A loophole in Florida law has led to hundreds of injured workers being deported. While nearly all 50 states have given undocumented workers the right to receive workers’ compensation, in Florida this comes with a catch. A 2003 law made it a crime to file a workers’ comp claim using false identification. Since then, insurers have avoided paying for injured immigrant workers' lost wages and medical care by repeatedly turning them in to the state. To assess the impact of Florida's law on undocumented workers, journalists analysed 14 years of state insurance fraud data and thousands of pages of court records. They found nearly 800 cases state-wide where employees were arrested under the law, including at least 130 injured workers. An additional 125 workers were arrested after a workplace injury prompted the state to check the personnel records of other employees. Insurers have used the law to deny workers benefits after a litany of serious workplace injuries, from falls off roofs to severe electric shocks.
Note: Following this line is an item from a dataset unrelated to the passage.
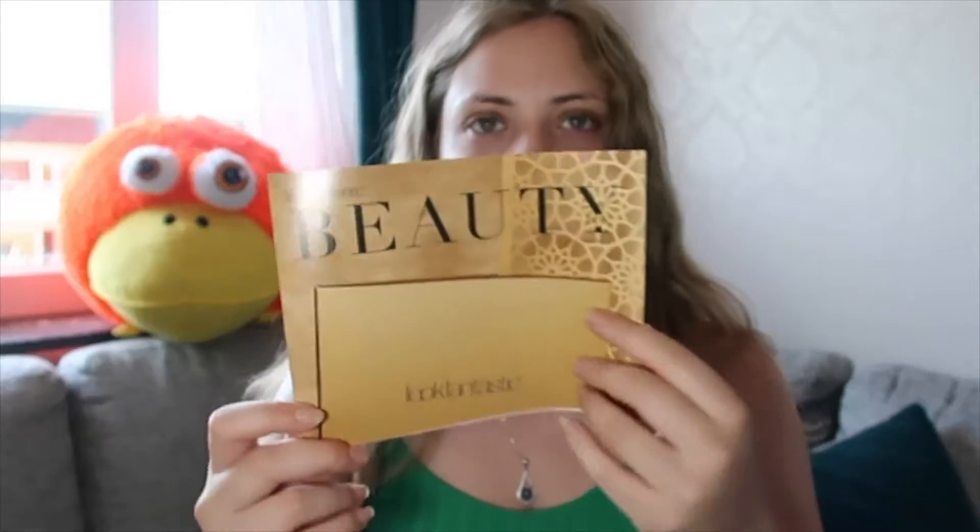Look Fantastic is a subscription service — you get one box each month and the price is around 17 to 18 dollars depending on how many months you subscribe for. You can also do a one-time purchase for 3, 6, or 12 months. I'll leave a link in the description that you can click on to get your own box. Inside the box you get a booklet that tells you about the products.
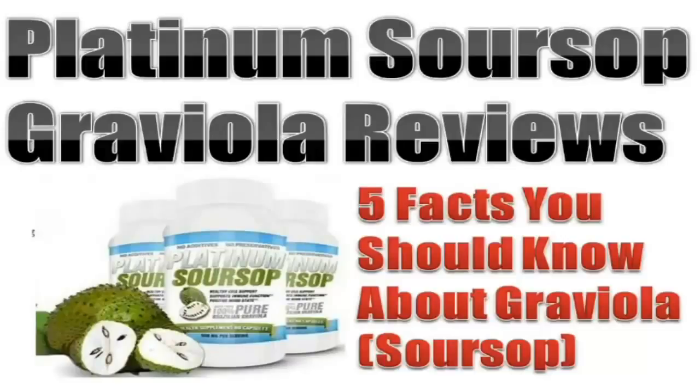Graviola has long been used for its healing properties in traditional medicines. Ever since it was featured by a celebrity doctor on a TV health show, the demand for Graviola supplements has been overwhelming. In this video, let's take a closer look at the five facts you should know about Graviola Soursop.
A house painter was rejected after she was impaled on a wooden stake. Tipped-off by insurers or their private detectives, state fraud investigators have arrested injured workers at doctor’s appointments and at depositions in their workers’ comp cases. Some were taken into custody with their arms still in slings. At least 1 in 4 of those arrested was subsequently detained by immigration authorities or deported. Activists fear what's quietly been happening to workers in Florida, unnoticed even by immigrant advocates, could be a harbinger of the future as immigration enforcement expands under President Trump. “It's infuriating to think that when workers are hurt in the United States, they're essentially discarded,” said David Michaels, the head of the federal safety regulator OSHA under Obama. “If employers know that workers are too afraid to apply for workers' compensation, what's the incentive to work safely?”